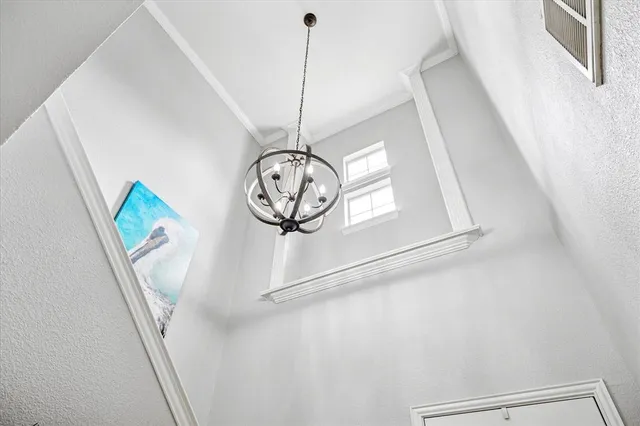 a view of a hallway with windows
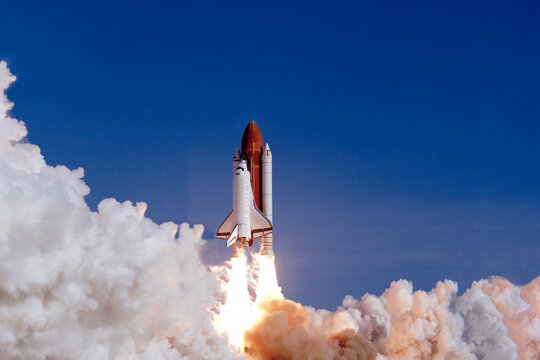 The launch of the space shuttle against the background of the sky and smoke. Elements of this image furnished by NASA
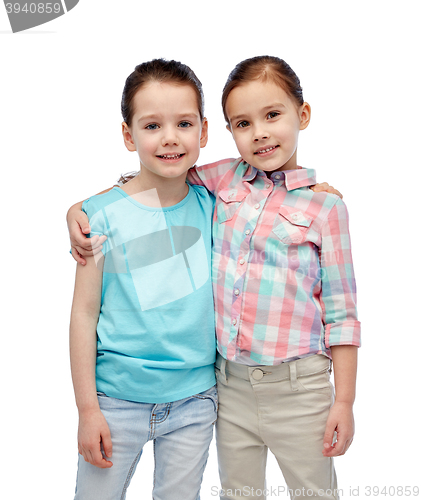 Image of happy smiling little girls hugging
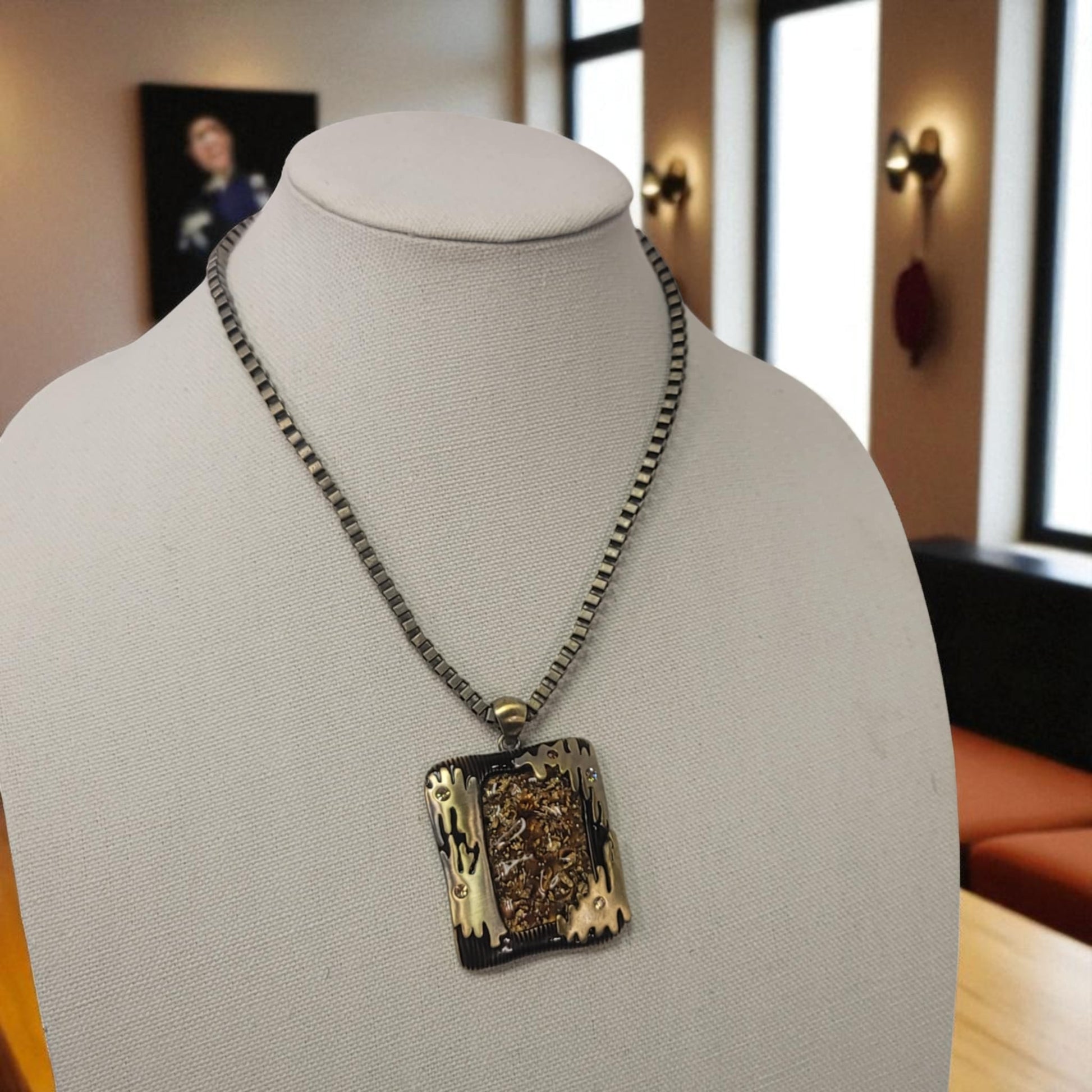 Necklace with a decorative pendant on a mannequin bust in an indoor setting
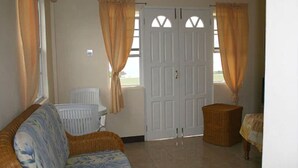 A room with a wicker sofa, a small table, and a white door with windows. - Relax Inn Grenada West Indies (St. George's)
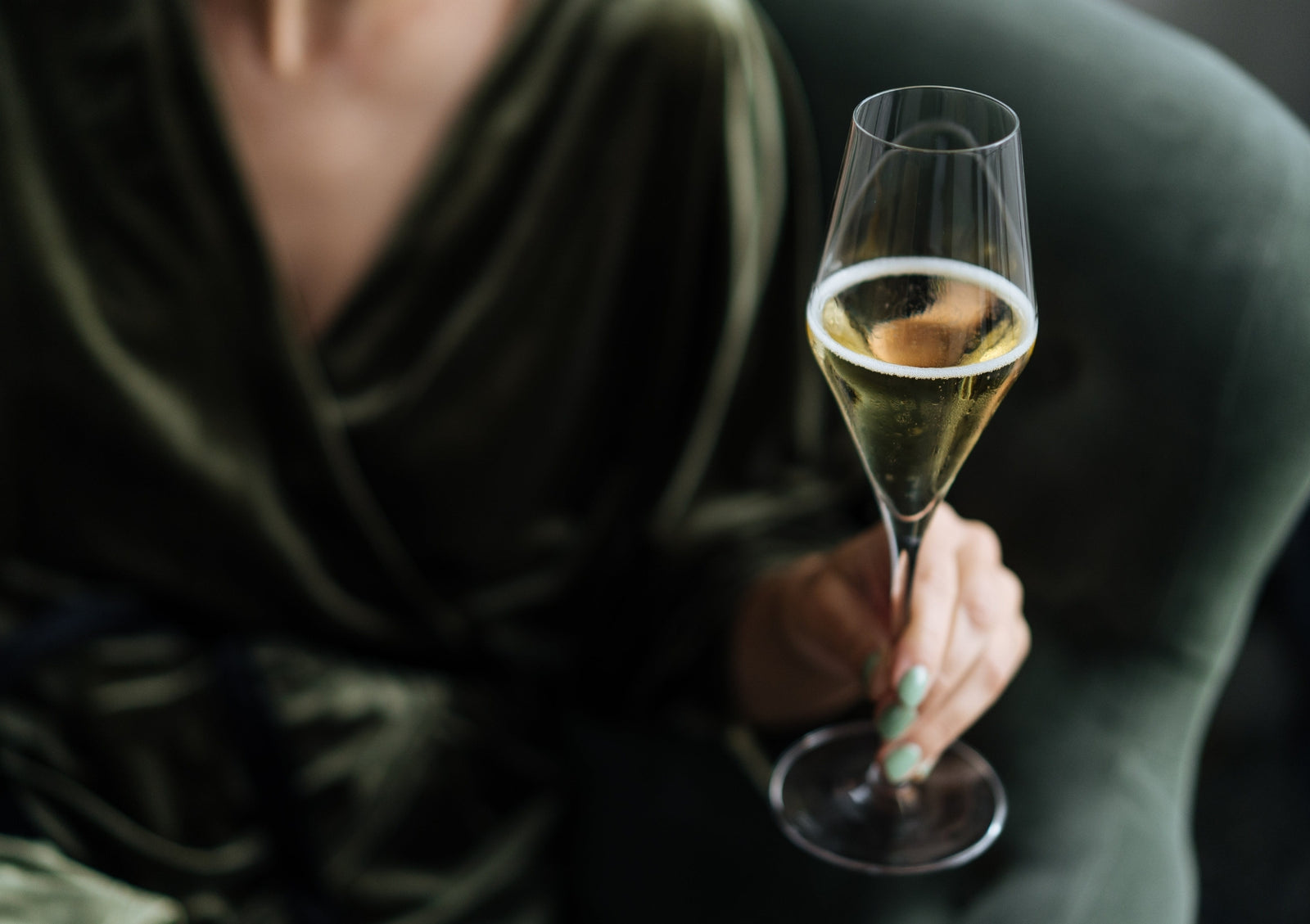 Person holding a glass of Champagne.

#### [BRIEF]
Repeat each entry exactly as it appears; skip any picture.

#### [FINISHED EXERCISE]
 a view of a hallway with windows
 The launch of the space shuttle against the background of the sky and smoke. Elements of this image furnished by NASA
 Image of happy smiling little girls hugging
 Necklace with a decorative pendant on a mannequin bust in an indoor setting
 A room with a wicker sofa, a small table, and a white door with windows. - Relax Inn Grenada West Indies (St. George's)
 Person holding a glass of Champagne.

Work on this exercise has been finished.